When purchasing a larger WLAN installation, the corresponding tests must be performed before actually purchasing. The degree of fulfilment of the technical requirements can be evaluated with the help of a test catalogue. These tests make it easier later on to actually install the WLAN and obtain approval.

Review questions:

• When selecting WLAN devices, was it ensured that they fit the WLAN security strategy and that they are compatible with the hardware and software components in the operational environment?
• Was a list of requirements created for the WLAN components?
• When using WLAN with an increased range, was it ensured that the emissions do not radiate into areas in which the WLAN is not intended to be used and should not be used?
• When using cryptographic methods, is it ensured that their designation is the same across the organisation and that they work together correctly?

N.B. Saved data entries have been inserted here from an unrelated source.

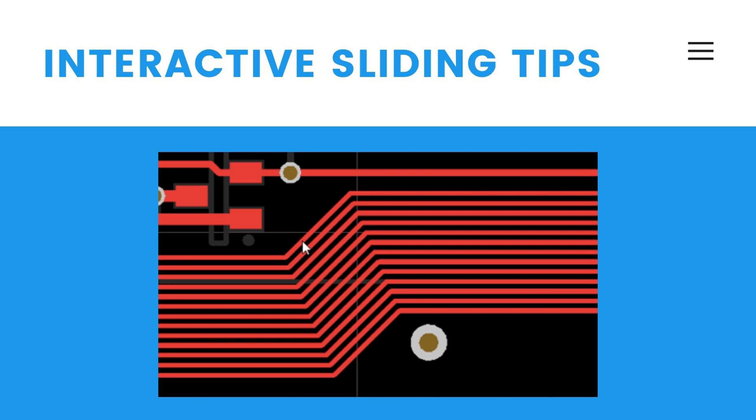During dragging, the routing conflict resolution modes also apply: Ignore, Push, Hug and Push. Press Shift plus R to cycle through the modes as you drag a track segment.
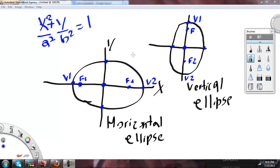I'm going to help and tell you how to tell if the ellipse is going to be a horizontal or a vertical ellipse. There are some things that you have to look at first to see if it's a horizontal ellipse or a vertical ellipse.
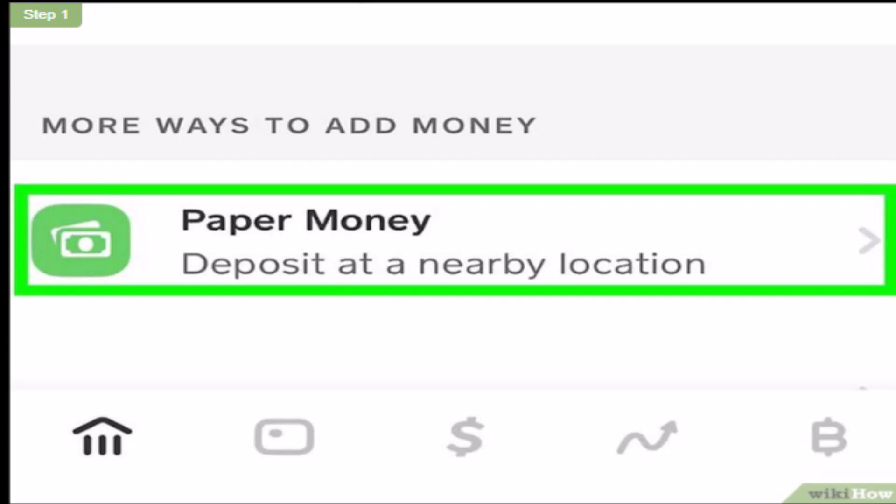Hi everyone, welcome back to our channel. For today's video, I'm going to be guiding you on how you can add funds or money to your Cash App account. Make sure to watch this video till the end. So without any further delay, let's get started.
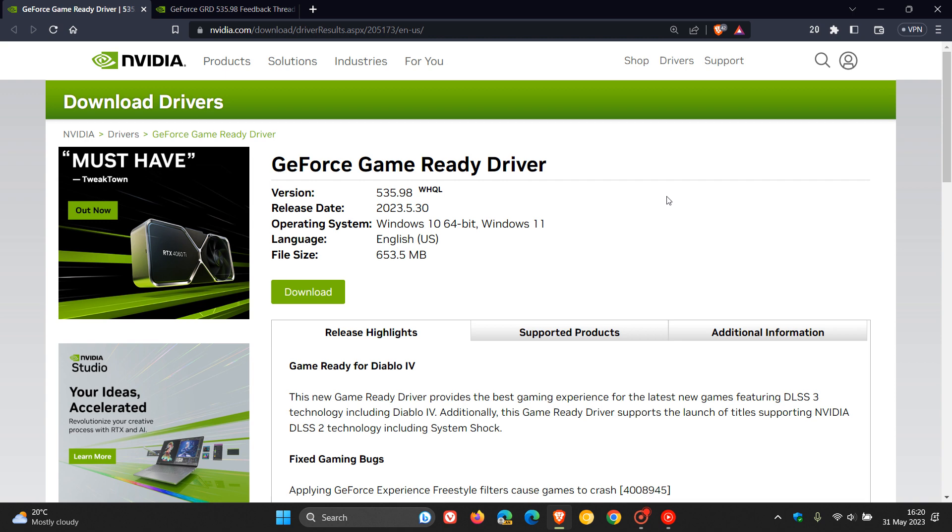Just letting you know that there are now numerous user reports online that this latest driver is causing flickering issues for a whole lot of different users.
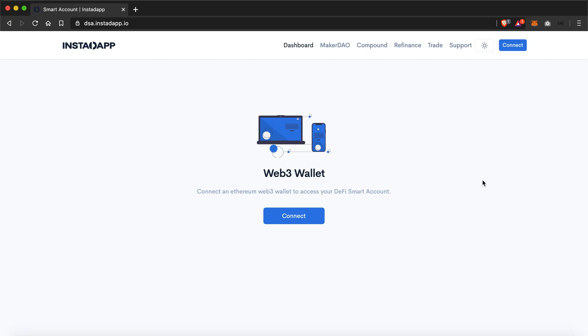Welcome to this basic tutorial on how you can get started with InstaApp platform. Today we'll take a look at how you can create an account and set it up and how you can start using it. But before continuing, make sure you have a browser wallet which has some funds in it because we'll be signing a few transactions in the process.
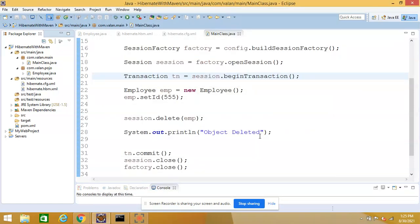Hi friends, welcome to our channel. In this video we are going to discuss how to use Hibernate with the help of annotations. In our previous video we discussed Hibernate and what is an ORM tool in detail with the help of HPM5. In case you haven't watched that video, please watch it so you get a clear understanding about Hibernate with annotation.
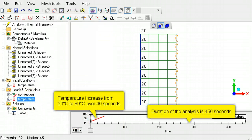The timeline at the bottom of the pre-processor shows the values of the applied temperature over the duration of the analysis.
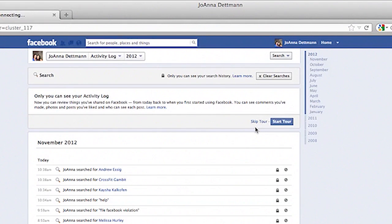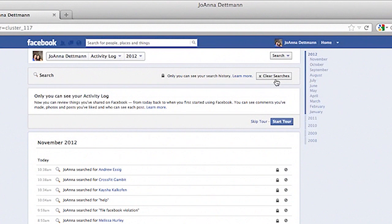Once you get to this page you will notice that you can clear all your searches in the top right hand corner if you click on the box that says clear searches. If you do this it will delete all of your searches that you have ever done on Facebook, or you can delete one by one, but the easiest way is to click on the box that states clear searches and knock them all out at once.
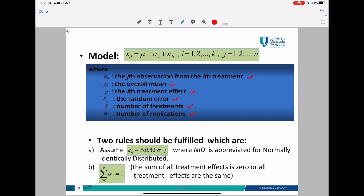The number of treatments is the number of different methods used in your experiment. For example, if your experiment uses three different methods, you have three different treatments. Or, let's say you have a flu and a fever — the doctor gives you two different medicines, one for flu and one for fever. That means you have two different treatments. If you take that medicine for five days, you repeat the treatment five times, so the number of replications is five. Two rules should be fulfilled: (A) we assume the random error is approximately normally and identically distributed, and (B) we assume the sum of all treatment effects is zero, meaning all treatment effects are the same.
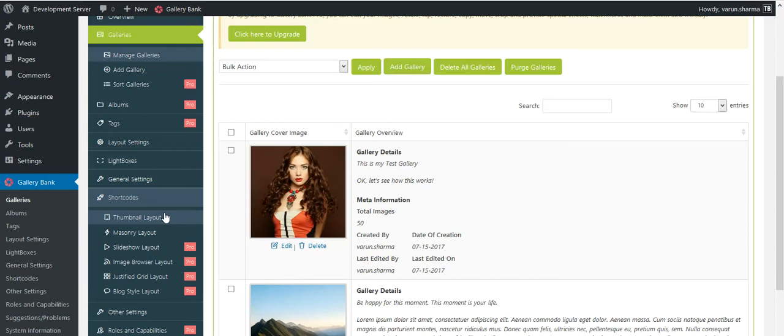The rest of the layouts and its customizations are pro version features and you would have to upgrade to the premium edition so that you could enjoy all the full features and its customizations.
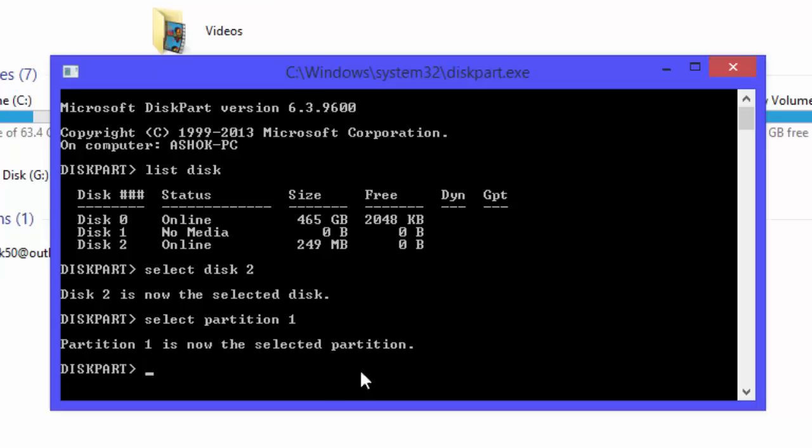Look at here. Delete partition and press enter. This will delete your partition.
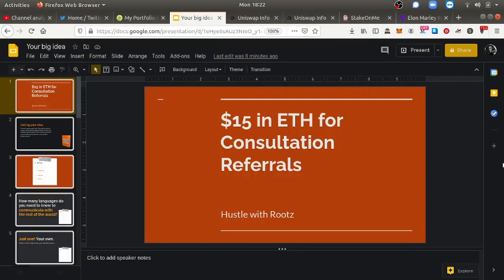Aloha YouTube, it's your boy Crypto Roots. If you're looking for ways to make some extra money, you can hustle with Roots. I'm gonna give you five different ways you can hustle with Roots and maybe make some extra bread.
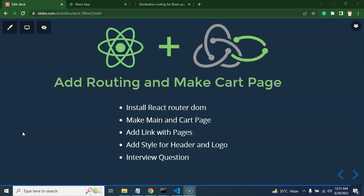Hi everyone, welcome back to Course Step-by-Step. My name is Anil. This is the 16th part of the React Redux and Saga tutorial series. Here we learn how we can add routing in our project and how we can make different pages for cart and the main page.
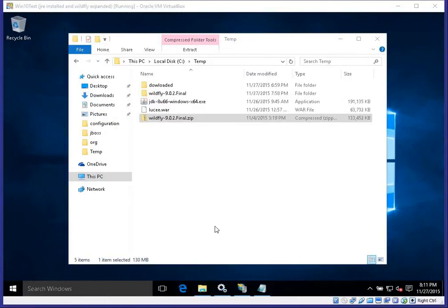Hello, welcome to the training video on how to install WildFly on a Windows machine, Windows 10 in particular, and how to connect it with IIS and have it seamlessly show the applications that you deploy on WildFly through IIS as the web server, the front end so to speak.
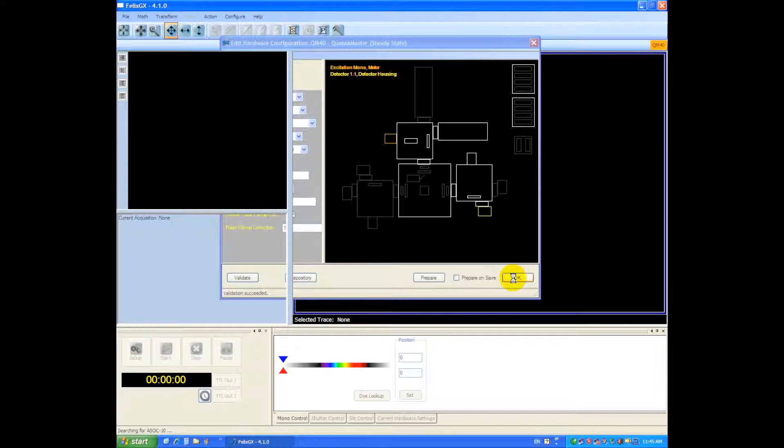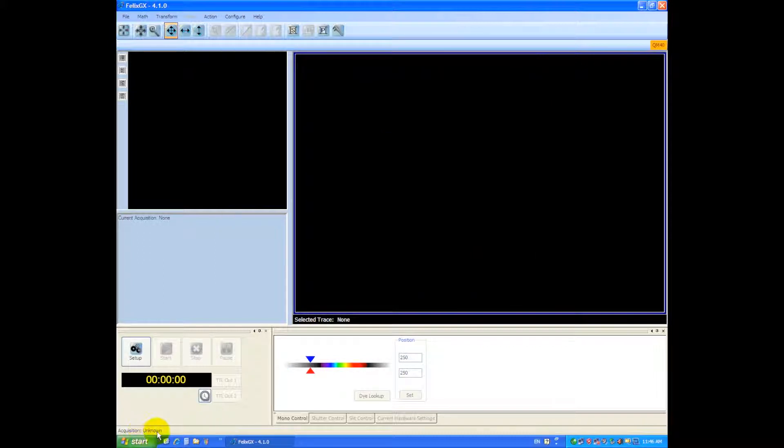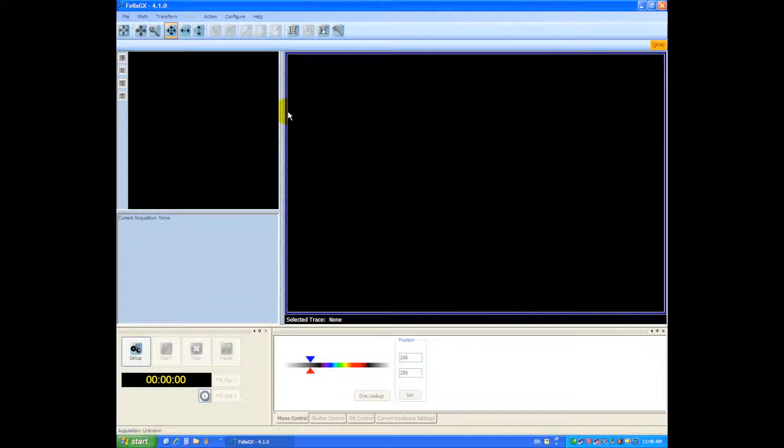So right now the instrument is searching for the IO interface and now the monochromator motors are initializing and now the hardware is configured and you're ready to start your very first experiment.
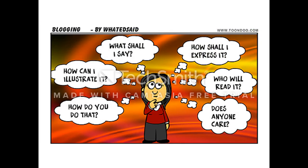Questions that we can ask are, how will I do that? What would I say? How can I illustrate that? Does anyone really care? Who's going to read it? How should I express it? So put some thought into your questions.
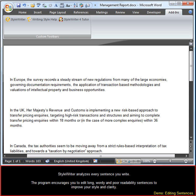StyleWriter analyzes every sentence you write. The program encourages you to edit long, wordy, and poor readability sentences to improve your style and clarity.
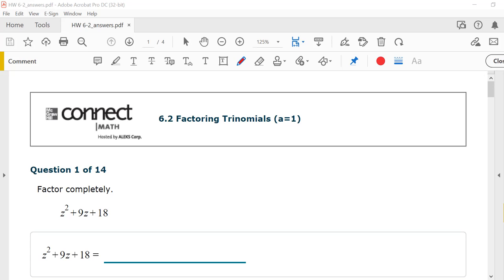We're going to do section 6.2, factoring trinomials. This is the first time we start actually factoring, and for this section, A is going to equal 1, so the number in front of the squared term will always be 1.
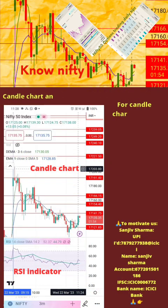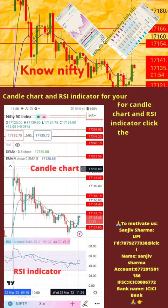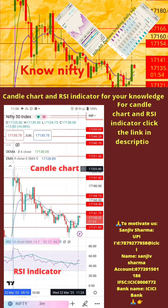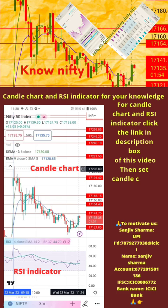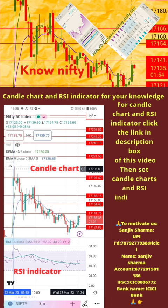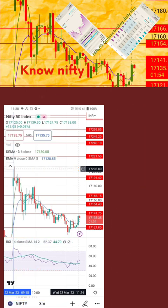To start with, apply candle chart and RSI indicator on your mobile as shown in the image. For candle chart and RSI indicator, click the links in the description box of this video, then set candle chart and RSI indicator to 3 minutes time frame. Now start paper trading by following the tips on the next page.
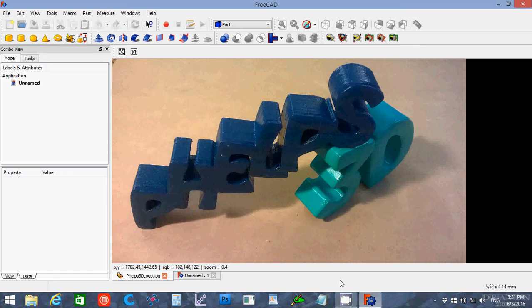Hello, my name is Peter Phelps with Phelps3D, and in this 3CAD016 tutorial, I'm going to try to make a standard die for a game. This should be fairly simple.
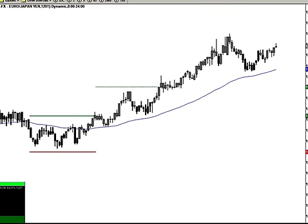We are looking at the Euro-Japanese-Yen on a 120 tick chart, basically a two-minute chart. We do a lot of tick charts in the live room — neither here nor there for you guys — just recognize that's what we're looking at right now.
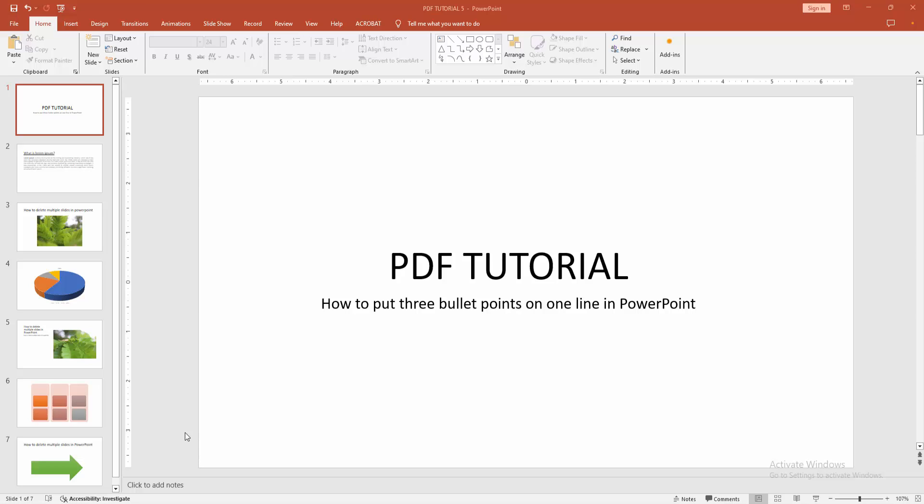Hello friends, welcome back to my another video. In this video I am going to show you how to put three bullet points on one line in PowerPoint. Let's get started.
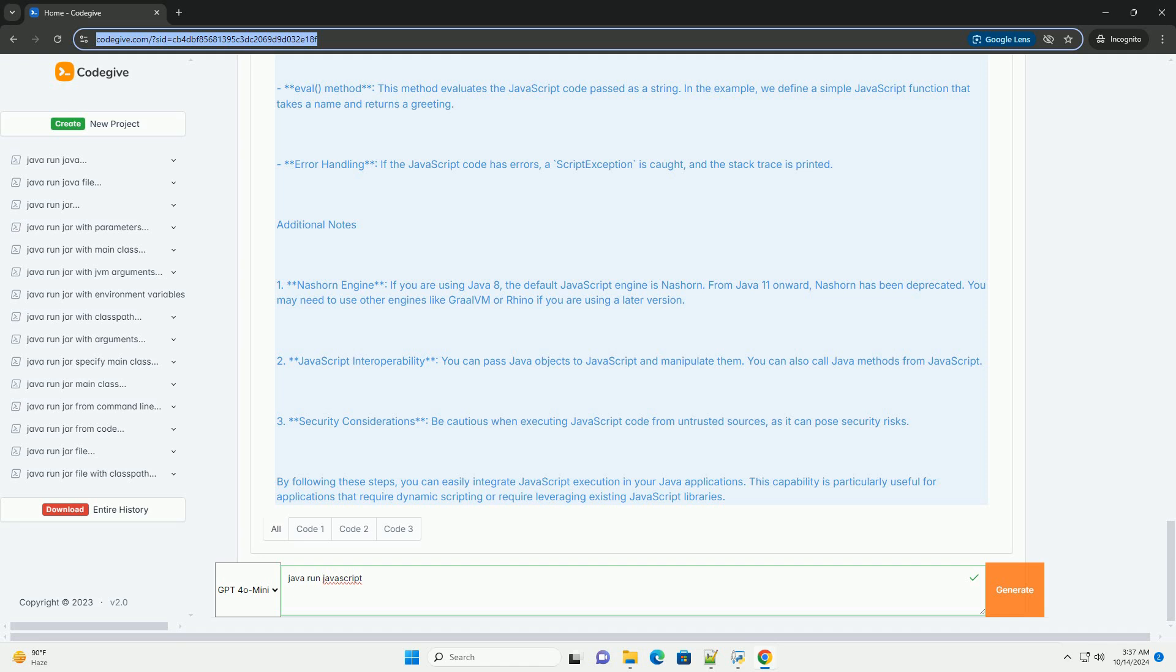Be cautious when executing JavaScript code from untrusted sources, as it can pose security risks. By following these steps, you can easily integrate JavaScript execution in your Java applications. This capability is particularly useful for applications that require dynamic scripting or leveraging existing JavaScript libraries.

• If wireless configuration of an access point directly over the WLAN is possible, can this configuration be switched off and is it switched off at all times during operation?
• Has it been ensured that only authorised persons have administrator access to WLAN components and that the passwords used for login are as complex as possible?
• Has the correct configuration of the network coupling elements been saved and backed up?
• Is the online help system and documentation of the WLAN components easy to understand?
• Before actually purchasing WLAN components, are corresponding tests performed and is a test catalogue prepared for evaluation of the degree of fulfilment of the technical requirements?